The recognition that our world is firmly segregated alongside lines of disparate economic development has been the starting point of the complex sociological field of development studies. It was American president Truman who, in his second inauguration speech in 1949, spoke of an ‘underdeveloped’ world that needed to be helped and lifted out of unfavourable living conditions (Dodds et al., 2002: p3). Development was from then on always, though to widely varying extents, embedded, aligned, or equated with economic development. The industrial revolution that had kick-started a far-reaching process of economic growth in Europe and the nowadays ‘developed’ world was considered a model path which – more or less – needed to be replicated in order to achieve similar developments. Within this framework, the financial sector gained a crucial importance. While scholars still hold different views on the gravity of a financial sector for economic development, its role in Western Europe’s and North America’s industrialisation cannot be underestimated, bearing implications for present development debates.
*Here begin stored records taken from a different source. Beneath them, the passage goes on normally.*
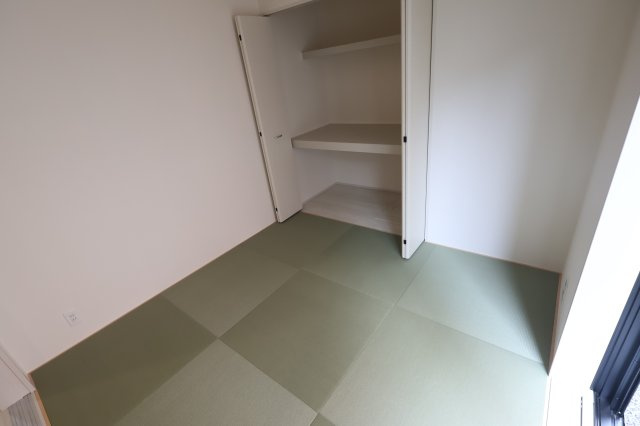 《仲介手数料無料》見沼区大字大谷1996-7(全1戸)新築一戸建てブルーミングガーデンの和室|撮影日 2025年10月16日 11:30 曇り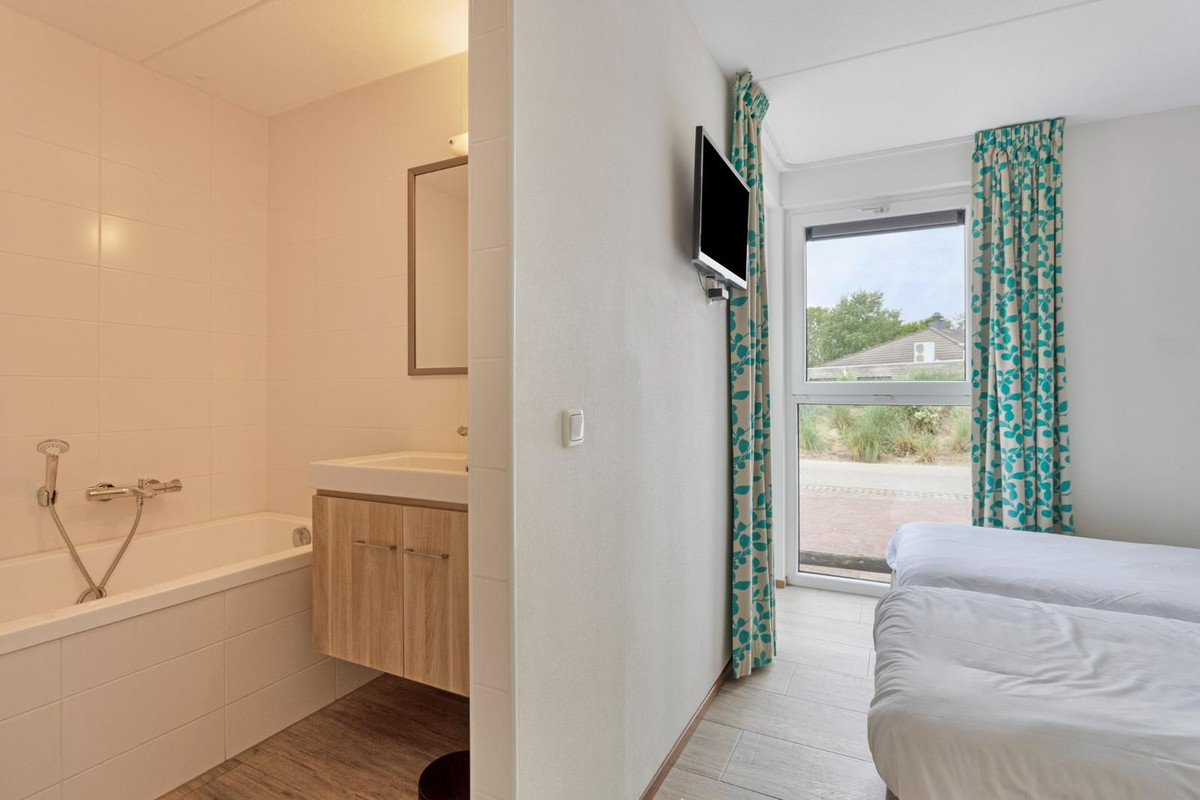 Vrijstaande woning te koop: Zeereep 4-007, Ouddorp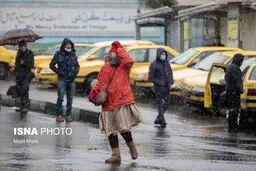 ادامه بارشها در کشور تا شنبه / کاهش کیفیت هوا در کلانشهرها در هفته آتی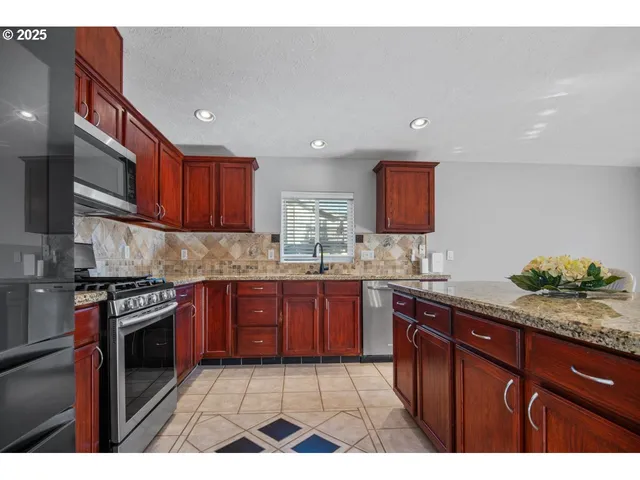 $535,000 | 2922 Southeast Hillyard Road, Gresham, OR 97080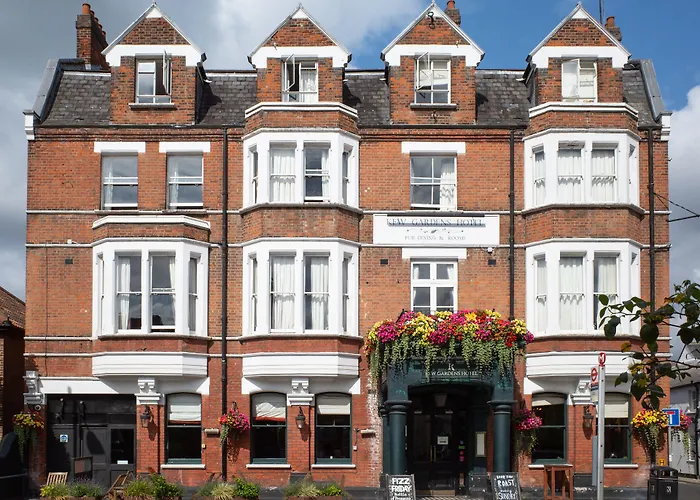 Kew Gardens Hotel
In how far does the structure of the banking sector in developing countries tell us about their strategy for fostering economic development; and, are special responses needed for making credit and deposit more widely available to people in less developed economies?

This essay will first try to highlight theoretically the central role of a banking sector (or financial sector as a whole) for economic development. By providing a brief overview over the role banks play in developed countries, this paper will contrast these conditions with realities in ‘less developed countries’ (LDCs). Here, generally speaking, a different banking sector prevails; implying different rules and modalities for conducting savings and investment. Development banks have been of special importance when analysing the banking sector in LDCs. While pointing at the historical role development banks have played throughout the industrialisation in today’s rich countries, this paper will contrast the historical experience with development banks today. Special light will be shed on agricultural land banks, state-owned development banks, and multilateral development banks. By providing some case-studies and examples of these ‘different’, mostly non-commercial banks, this paper will also try to show their limitations. Developmental banks can only be as successful as sincere the aims and motivations of the government and other surrounding institutions are. Unfortunately, poor legal standards, weak accounting systems and a multitude of other shortcomings have prevented a universal success of these undertakings. However special the conditions in developing countries appear to be, effects of ongoing financial liberalisation and harmonisation efforts bear fruit. More and more foreign commercial banks move into LDCs, and not only into promising emerging markets, or newly-industrialising countries, but also into low-income countries. Are these commercial banks a viable alternative to developmental banks?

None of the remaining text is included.